Una fuente del sector empresarial ha revelado que la deuda total con las empresas de colectivos asciende a $130.000 millones. Sin embargo, se ha informado que la provincia de Buenos Aires planea abonar su parte de la deuda, lo que reduciría el monto a $100.000 millones, que quedaría en manos del Gobierno Nacional. Aunque este pago podría ofrecer un respiro a las empresas, la situación sigue siendo crítica, ya que persiste el conflicto por el atraso en la entrega de los fondos nacionales, lo cual complica aún más el panorama.
El contexto económico general también afecta a la situación del transporte público. De acuerdo con datos del Tesoro Nacional, el Gobierno ha tomado decisiones para postergar pagos con el fin de mantener el superávit fiscal, lo que ha llevado a que la deuda flotante del Tesoro se dispare a casi $2 billones.
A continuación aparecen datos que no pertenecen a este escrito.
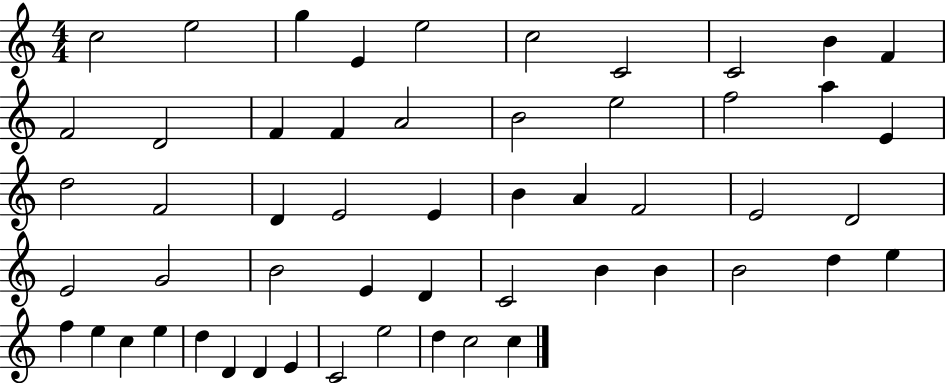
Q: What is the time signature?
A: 4/4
Esta estrategia, aunque busca el equilibrio fiscal, tiene repercusiones en la operatividad del transporte público, poniendo en riesgo la movilidad de millones de ciudadanos y generando un clima de incertidumbre en el sector.
La reunión del jueves será crucial para determinar el rumbo del transporte público en el AMBA, y la posibilidad de un aumento en el boleto plantea interrogantes sobre cómo se abordará la crisis actual. La respuesta del Gobierno y la capacidad de las empresas para adaptarse a este nuevo escenario marcarán el futuro de un servicio esencial para la población.